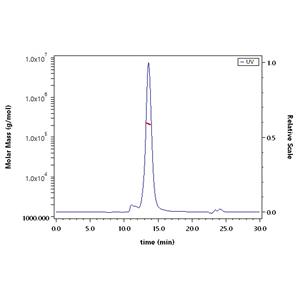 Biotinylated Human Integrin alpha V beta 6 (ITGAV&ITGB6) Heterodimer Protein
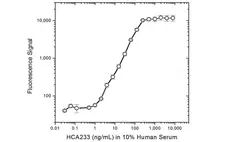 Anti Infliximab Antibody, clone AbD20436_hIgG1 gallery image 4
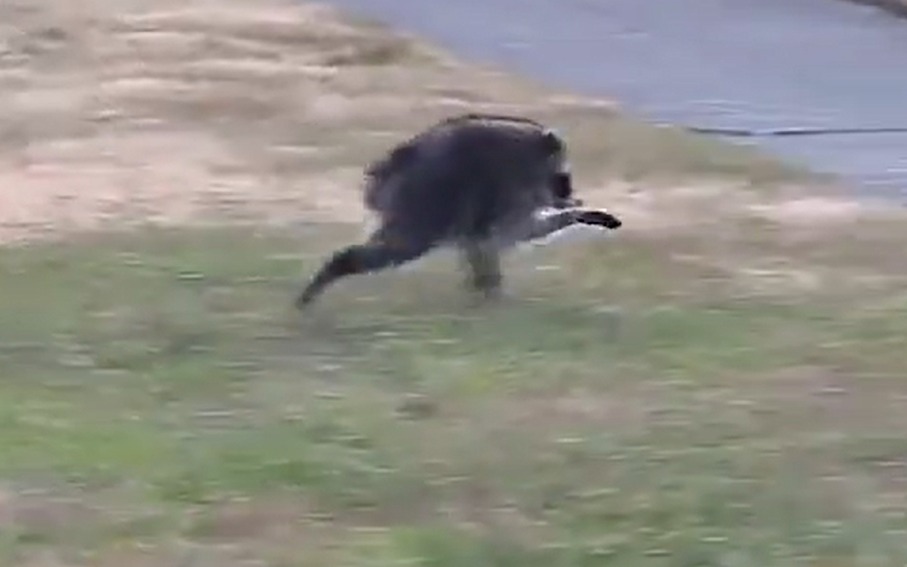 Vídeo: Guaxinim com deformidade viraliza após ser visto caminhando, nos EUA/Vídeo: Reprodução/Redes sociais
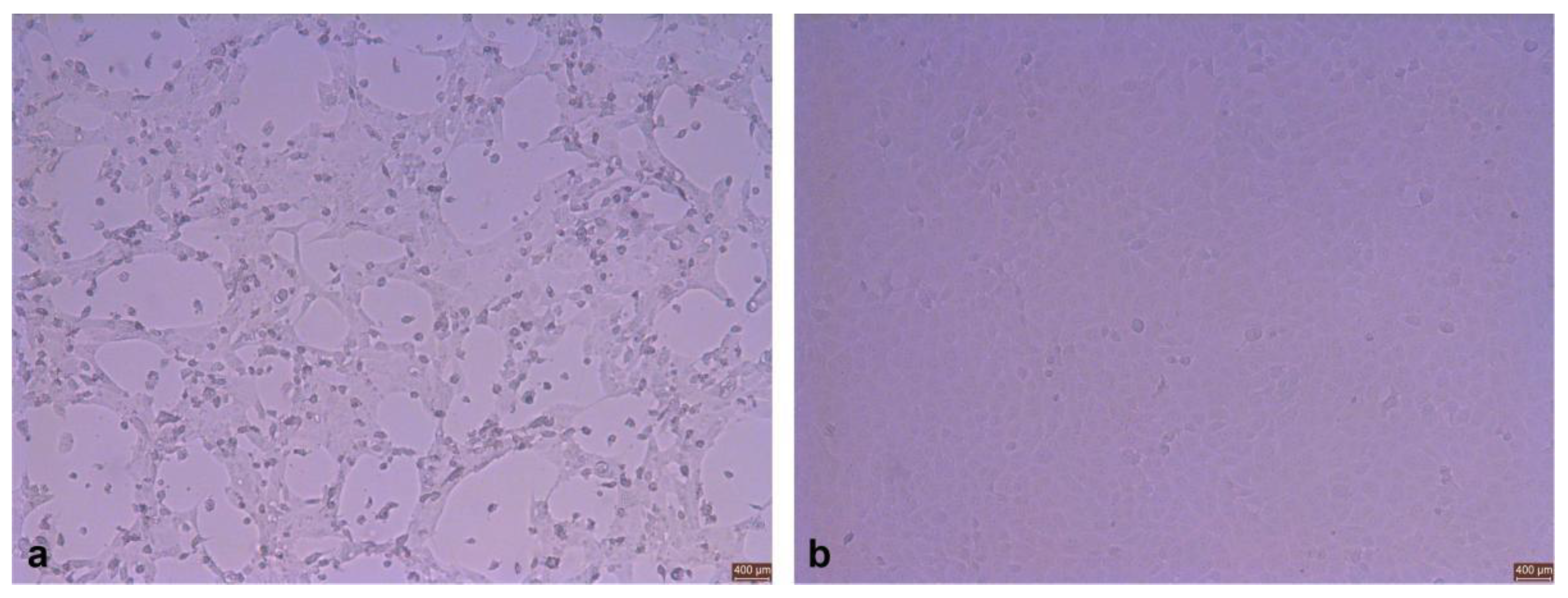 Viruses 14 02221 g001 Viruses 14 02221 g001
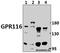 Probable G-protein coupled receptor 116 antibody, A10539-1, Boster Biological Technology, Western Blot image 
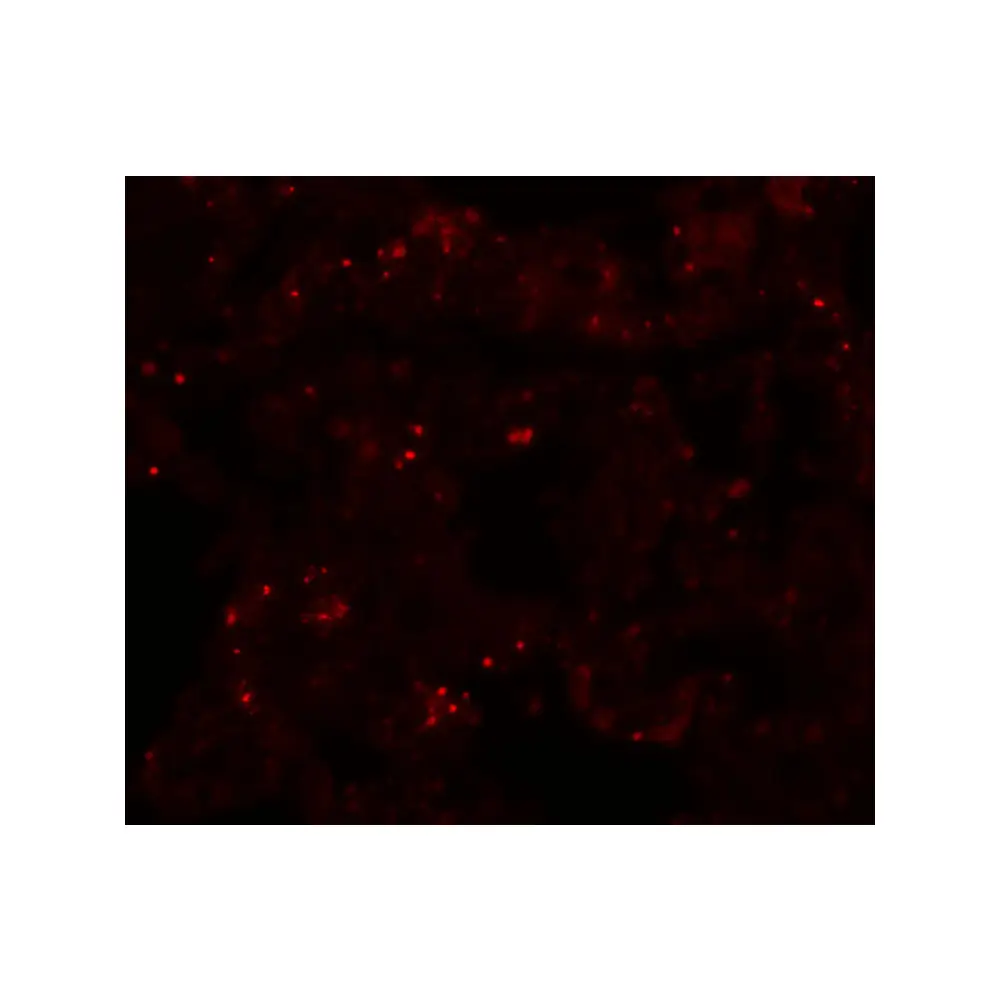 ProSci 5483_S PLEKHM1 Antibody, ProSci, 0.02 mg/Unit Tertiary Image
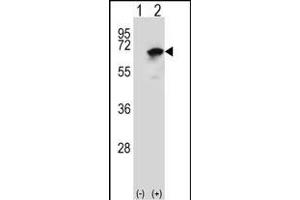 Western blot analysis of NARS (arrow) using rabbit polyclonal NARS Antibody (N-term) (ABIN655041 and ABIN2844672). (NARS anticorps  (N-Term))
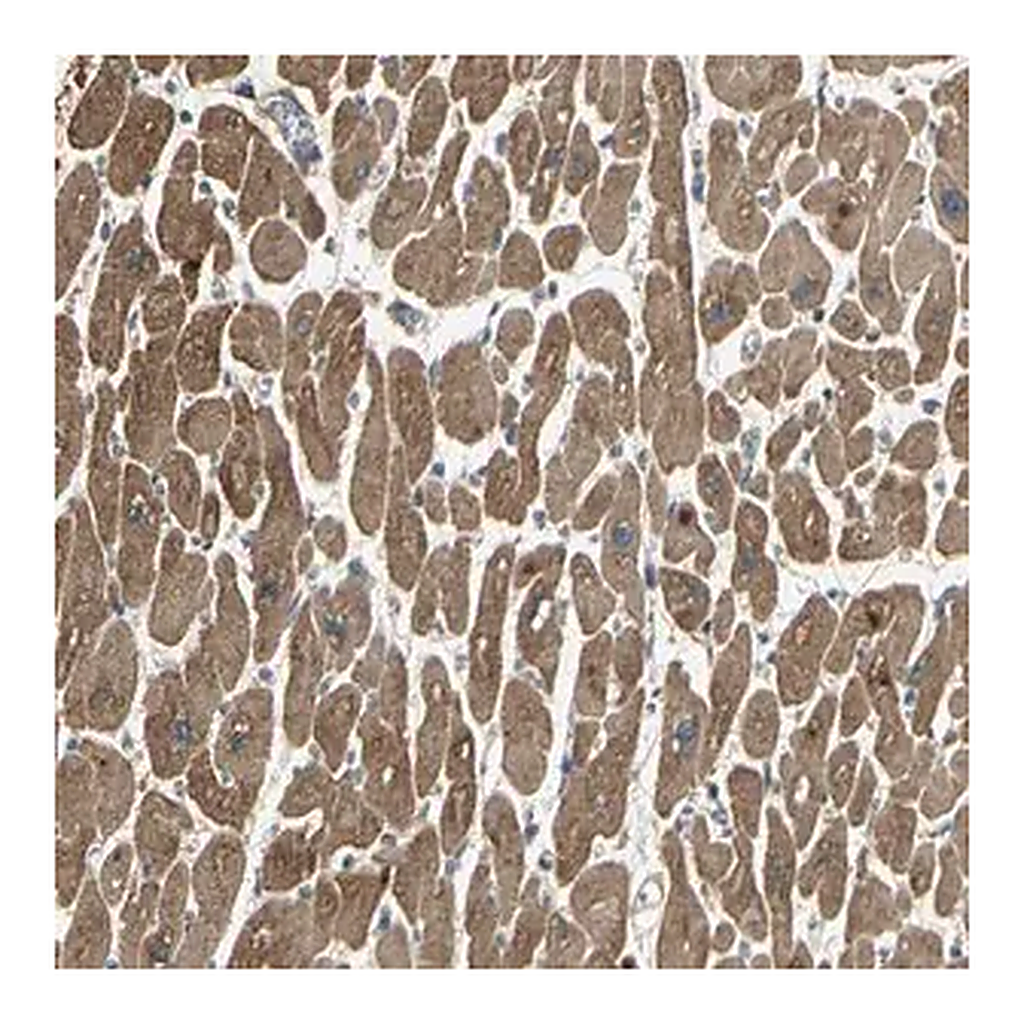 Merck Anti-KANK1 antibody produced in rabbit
##############################
Beginning with the line in which "Anti Infliximab Antibody, clone" appears, repeat exactly each line down to the close of the material, leaving every picture out.

 Anti Infliximab Antibody, clone AbD20436_hIgG1 gallery image 4
 Vídeo: Guaxinim com deformidade viraliza após ser visto caminhando, nos EUA/Vídeo: Reprodução/Redes sociais
 Viruses 14 02221 g001 Viruses 14 02221 g001
 Probable G-protein coupled receptor 116 antibody, A10539-1, Boster Biological Technology, Western Blot image 
 ProSci 5483_S PLEKHM1 Antibody, ProSci, 0.02 mg/Unit Tertiary Image
 Western blot analysis of NARS (arrow) using rabbit polyclonal NARS Antibody (N-term) (ABIN655041 and ABIN2844672). (NARS anticorps  (N-Term))
 Merck Anti-KANK1 antibody produced in rabbit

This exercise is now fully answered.